Your camera thinks it spotted a familiar face.

“Cameras don’t think,” Annie said, looking down at her phone. “Who taught this thing to identify specific faces? Who thought that was a good idea?”

“Ok, neuromantic,” Jonah scoffed at her, looking over. “Not everything is a part of the panopticon. Calm your tits.”

“It’s just weird that it thinks,” Annie continued, loading more Diet Cokes into the communal fridge. “And why does that make me a new romantic?”

“No, like the book by that dismal guy. The cypherpunk one.” Jonah looked away, because he always drank cold Diet Cokes out of the fridge without replacing them. He knew Annie hated this about him. He wanted to do better, but could never seem to remember until he saw her face fall when she went looking for a cold soda on a hot day. Then he wished he could turn back time, just for the smallest of sins between roommates that ended up meaning everything.

Annie was blinking. “Dismal. Cyber. Gibson. You mean Neuromancer.”

“New romance with a necromancer,” Jonah said, slipping through his bedroom door. “Whatever. So who was the familiar face?”

Annie turned her phone screen back on. “It doesn’t say. There’s nobody there.” She put it away. “Does it recognize me when I come in?”

“Yeah,” Jonah said. “It says ‘Annie is at the door’ every time you come home. I taught it your face when I first put it in. You can sign to it, and the person getting the notification can see you. Cool, right?”

Annie closed the fridge. She stood in front of it, looking at nothing. “Who all did you teach it to recognize?”

“The people who come over most often. You, me, and Kevin. Stacy and Kit. Lav. J.P. You know.” Jonah hesitated.

“And Cara?” She didn’t look at him when she said her wife’s name.

“Yeah, it knows Cara. I got it right before, but it wasn’t . . . Of course. Yeah, it knows her.”

Annie looked at him for a fleeting second and he could see her eyes were wet. She turned and walked out of the kitchen.

Jonah waited until he heard her go out the back door. Then he went to the fridge and found some space to hide two or three more Diet Cokes, mostly from himself. He texted the other roommates to remind them to replace the supply, for Annie’s sake.

• • • •

Unknown person at the door.

The first time Annie saw the warning, she got tiny little needles of adrenaline in her wrists and ankles, as if she might need to dig in and hold the door shut.

Her phone opened the notification and showed her the fish-eyed view of her front door: her own parked car in the driveway, the grey sky beyond.

There was no one there.

Intrigued, Annie toyed with it. It allowed her to pan right and left, but not to look up or down. Deep right: trash cans. Deep left: FedEx guy.

Annie swore and stuffed her phone into her pocket, running the length of the narrow, deep warren of a house to reach the front door before he left.

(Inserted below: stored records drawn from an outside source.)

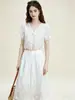 Conjunto de Dos Piezas Calado Bordado Francés Original Nanyou 2026 Verano Top Corto con Cuello en V y Lazos Falda Larga de Cintura Alta Resort
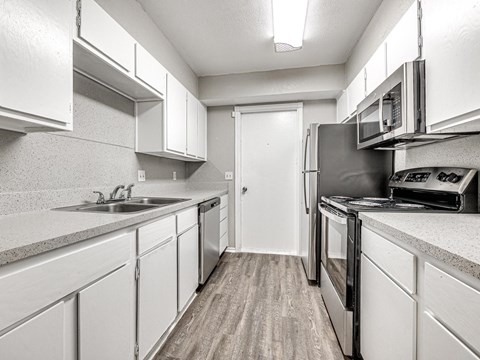 a kitchen with white cabinets and stainless steel appliances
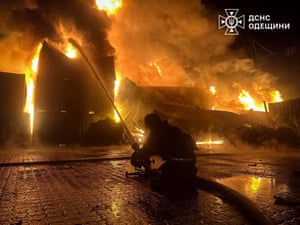 A firefighter sprays water on to a burning building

She flung it open and winced as the weak sunlight hit her across the eyes after the customary dimness of her basement bedroom.

“Wait,” she yelled, running down the driveway.

He sat in the high seat of his truck with the engine running, but he had not yet pulled away. He was tall and always smiling. He knew Annie on sight; he’d been delivering their paperwork and packages for years. Cara’s job had sent a packet a week since they left New York. He popped back out good-naturedly and retrieved a flat envelope from behind him.

“Hey! Almost missed you, Miss Brandt.”

She nodded and he handed her the tablet to sign.

“Thank you,” she said, still squinting in the light.

“No problem,” he told her, looking around. He spotted her car in the driveway. “Is Mr. Cooper home from work today? I thought I heard him.”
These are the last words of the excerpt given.